[Disclaimer: Not exhaustive]
Books are available from their respective publishers or through online book vendors.
Unpardonable Sins by David Saul Bergman (Wipf & Stock, 2021)
David Saul Bergman is the pen name for the late Dale Suderman and Daniel Born, who teaches literature at Northwestern University’s School of Professional Studies.
This is arguably the first-ever Mennonite hard-boiled detective novel. John Reimer, middle-aged, semi-burned out and the pastor of a dwindling congregation, pursues a ruthless killer on the North Side of Chicago.
Tongue-Tied: Learning the Lost Art of Talking About Faith by Sara Wenger Shenk (Herald Press, 2021)
Sara Wenger Shenk, Ed.D., has been a mission worker in the former Yugoslavia, a faculty member at Eastern Mennonite University and Eastern Mennonite Seminary, and president of Anabaptist Mennonite Biblical Seminary, 2010-19.
On his blog “Anabaptist Revisions,” David C. Cramer writes: “This isn’t a book about deconstruction, or a narrative of leaving the faith; rather, it is a clear-eyed, constructive proposal for a robust, non-fundamentalist approach to the faith that cuts through the culture wars to get at the heart of what makes Christian language Christian. … At a time when the language of faith is being replaced by, or pressed into the service of, Christian nationalism by many, Tongue-Tied is a much-needed intervention. It offers a way forward that is rooted in the Christian tradition yet open to the contemporary world.”
Trailing the Schoolchildren’s Blizzard by B. Lois Thieszen Preheim (Wipf & Stock, 2021)
Lois Preheim is a retired K-12 principal and teacher at all levels from kindergarten through college.
This is a story of the blizzard of Jan. 12, 1888, in the Great Plains of the United States, told through the eyes of people – mostly children and youth – who experienced the storm along its route: “Eddie from Edmonton [Alberta]” through “Austin from Austin [Texas].” The blizzard struck with no warning on an unseasonably warm day when children had gone to school, most of them walking a mile or more from their rural homes without their warm winter clothing.

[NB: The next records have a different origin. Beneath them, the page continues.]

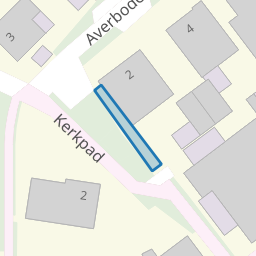 Perceel MDE02-E-4241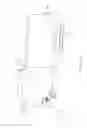 Fig. 20 - Liquid Supply Unit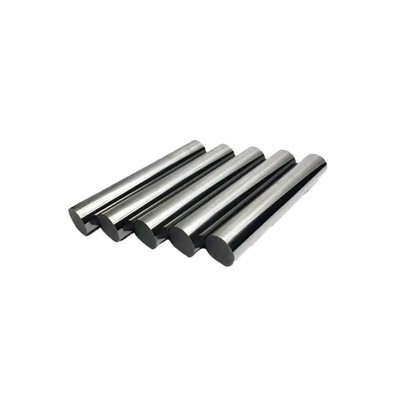 446 Stainless Steel Bar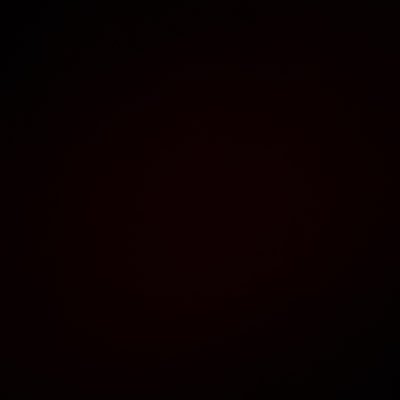 alemanuli1000's profile picture.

One exception to the age of narrators is “Maria or Mariean from Freeman [South Dakota],” who tells about the loss of five boys – including two of her own sons – from the Mennonite community there, who froze to death in the storm. The book is generally aimed at younger readers, although the meteorological information in particular will be of interest to anyone.
Lent Then and Now (ImagoPoetica, 2021) and Advent Then and Now (Lulu, 2020) by Joseph Gascho
Joseph Gascho is a cardiologist and photographer, whose first book of poetry, Cornfields, Cotton, Seagulls, and Sermons, was reviewed in the 2020 issue of Mennonite Life.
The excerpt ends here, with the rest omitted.